WHAT THE TASK ASKS:
Nothing after the line with "8911 Willow Wind Lane, Houston, TX 77083 8911" belongs in the copy; extract the lines below from the top through that line, pictures left out.

*** SOURCE MATERIAL ***

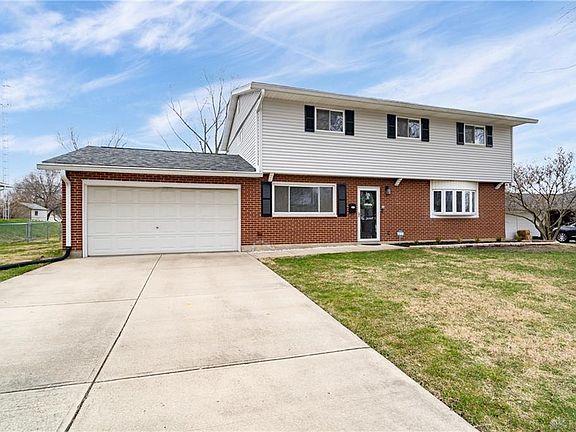 2nd image of 3048 Fontano Dr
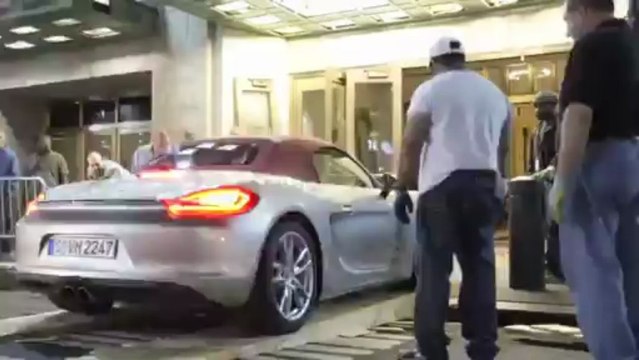 Les Porsche Boxster S, 550 Spyder et Carrera GT dans le terminal de Grand Central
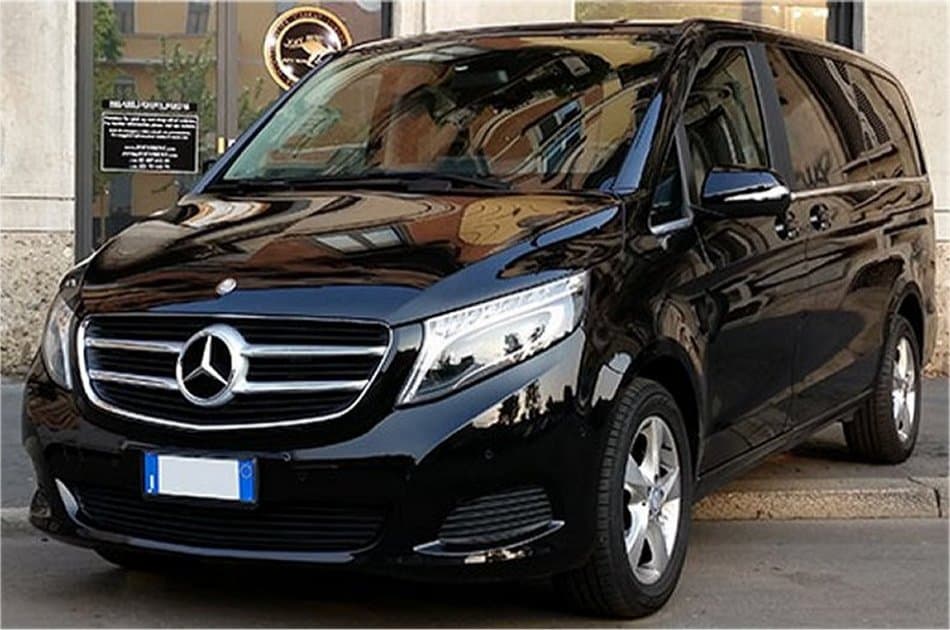 Venice Airport Private Arrivals Transfer by Minivan - Photo 6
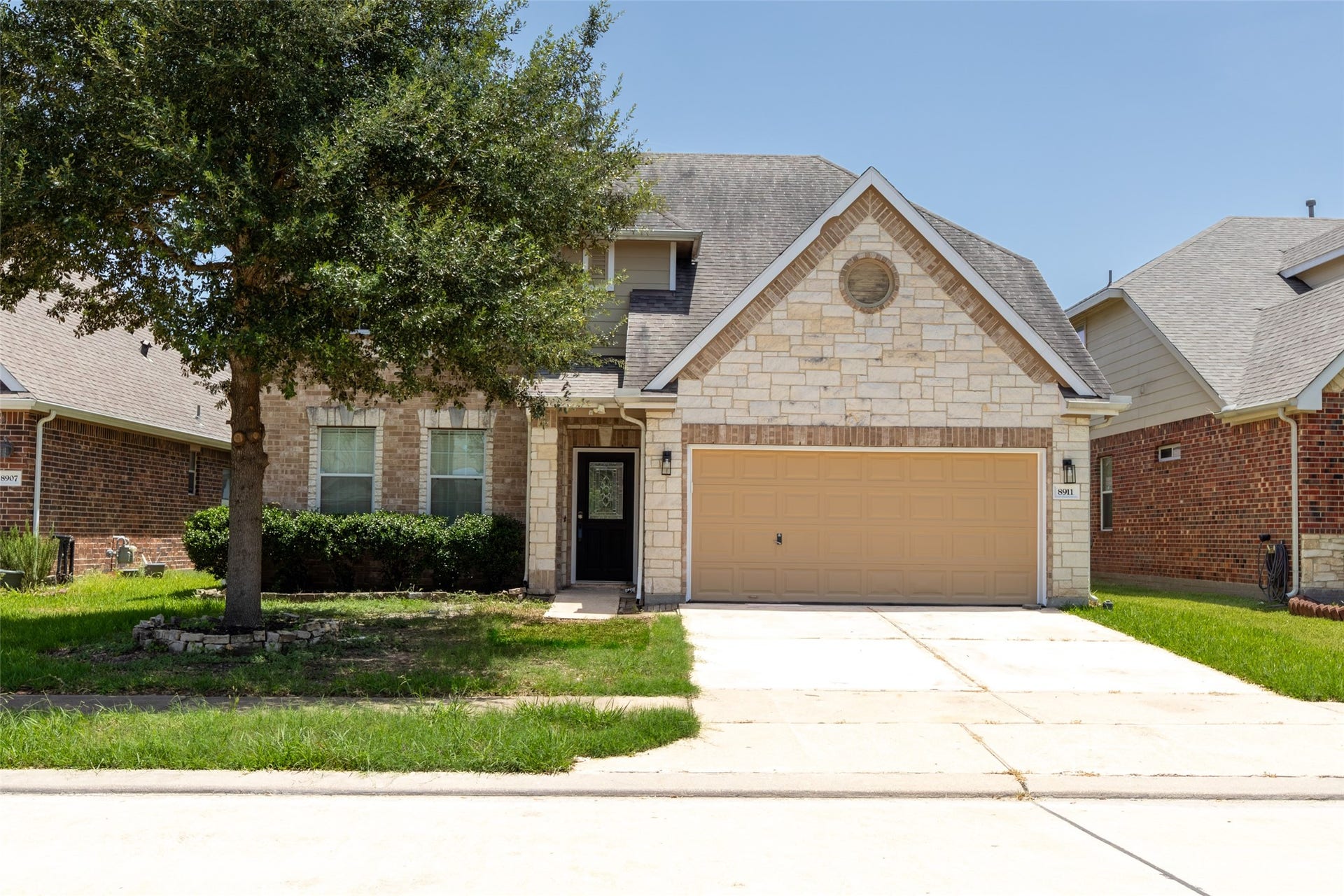 8911 Willow Wind Lane, Houston, TX 77083 8911 Willow Wind Lane, Houston, TX 77083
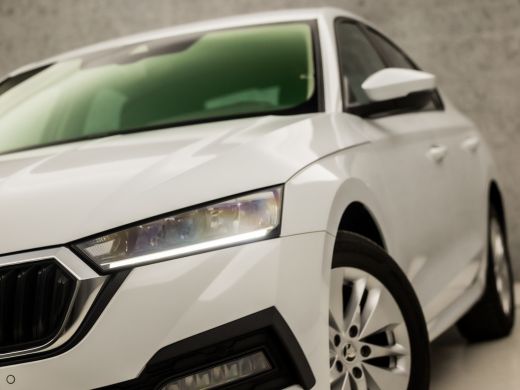 Skoda Octavia 1.0 e-TSI Sport Automaat (APPLE CARPLAY, GROOT NAVI, CAMERA, GETINT GLAS, SPORTSTOELEN, STOELVERW... ActivLease financial lease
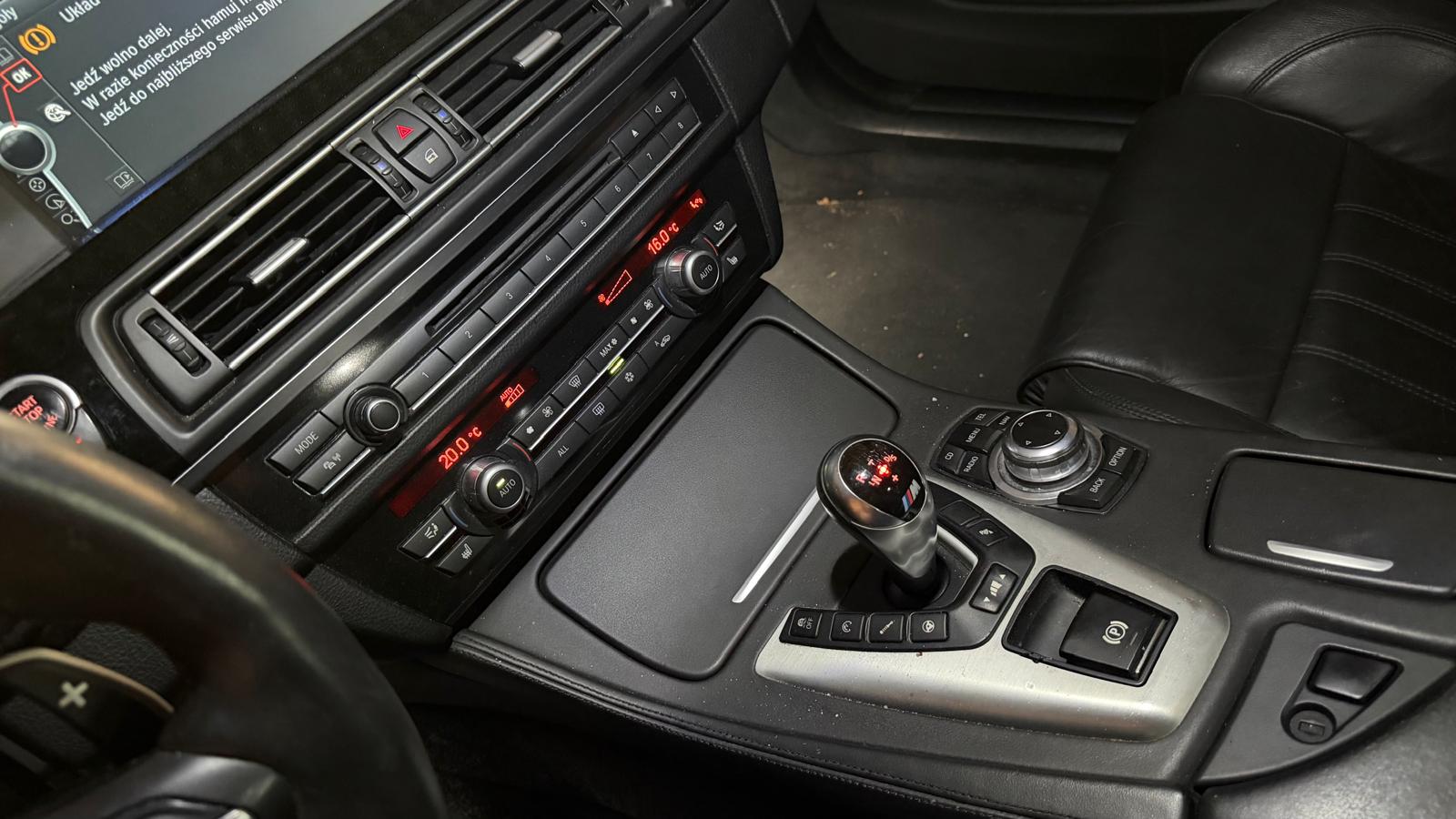 BMW M5 F10 V8 4.4-image-10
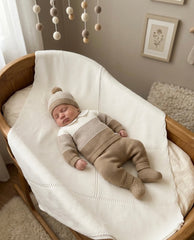 NEWBORN TWO COLORS STRIPES AND BOOTS 4P SET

***

TASK OUTPUT:
 2nd image of 3048 Fontano Dr
 Les Porsche Boxster S, 550 Spyder et Carrera GT dans le terminal de Grand Central
 Venice Airport Private Arrivals Transfer by Minivan - Photo 6
 8911 Willow Wind Lane, Houston, TX 77083 8911 Willow Wind Lane, Houston, TX 77083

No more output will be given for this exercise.